Search code examples
creaddir

How does readdir return a pointer to information for the NEXT file?


I'm learning C. so I'm just kinda confused about the function readdir. In the book K&R, the function dirwalk includes the following

while ((dp = readdir(dfd)) != NULL){
  if (strcmp(dp->name, ".") == 0
//...code...

Based on my understanding, each time the whileloop is passed, dp (directory entry) is advanced one step, so next directory entry (which is associated with a file) can be processed (while dp != NULL)

My question is: How doesreaddir return a new directory entry each time it's called? Where does it show that? Please don't use too much jargon as I just started learning about this. Here's the code for readdir. Thanks.

#include <sys/dir.h>
Dirent *readdir(DIR *dp)
{
  struct direct dirbuf; \* local directory structure *\
  static Dirent d;
  while (read(dp->fd, (char *) &dirbuf, sizeof(dirbuf))
  == sizeof(dirbuf)) {
    if (dirbuf.d_ino == 0) \* slot not in use *\
      continue;
    d.ino = dirbuf.d_ino;
    strncpy(d.name, dirbuf.d_name, DIRSIZ);
    d.name[DIRSIZ] = '\0'; \* ensure termination *\
    return &d;
  }
  return NULL;
}

Solution

  • First, this is not the code that the POSIX readdir would use on any relevant operating system...
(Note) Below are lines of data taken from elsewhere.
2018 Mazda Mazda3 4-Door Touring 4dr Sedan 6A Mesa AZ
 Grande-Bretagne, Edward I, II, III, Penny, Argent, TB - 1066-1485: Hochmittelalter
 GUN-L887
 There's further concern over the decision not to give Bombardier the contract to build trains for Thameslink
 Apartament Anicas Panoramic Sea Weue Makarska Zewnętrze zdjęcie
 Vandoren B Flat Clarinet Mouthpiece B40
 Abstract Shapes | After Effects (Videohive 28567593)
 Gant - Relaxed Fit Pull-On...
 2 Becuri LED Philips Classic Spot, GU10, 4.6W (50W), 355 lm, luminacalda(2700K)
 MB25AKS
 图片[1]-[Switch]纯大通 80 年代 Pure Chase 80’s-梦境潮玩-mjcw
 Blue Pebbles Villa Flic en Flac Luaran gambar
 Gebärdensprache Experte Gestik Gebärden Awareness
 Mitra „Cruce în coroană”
    How the code works is really simple, assuming that you know how files work. A directory on the UNIX systems is just as readable a file as any other file would be - a directory would appear as if a binary file of directory records - in this implementation the dirbuf structure is one record in a directory. Therefore reading sizeof dirbuf bytes from the file descriptor gives you a next entry from the directory - the filename and its associated inode number.

    If a file is deleted an entry might be marked unused by setting the inode number to 0, and it is skipped by the code.

    When a next used entry is found, its filename and inode number is copied to the Dirent d, which has static storage duration. It means that there is only one Dirent allocated for use by readdir for the entire duration of the program. readdir will return the same pointer over and over again, pointing to the same structure, but the contents of the structure change.

    Finally, when all entries in the directory have been read the last call to readdir will execute a read that will not read sizeof (dirbuf) bytes and the loop is broken, and NULL pointer is returned.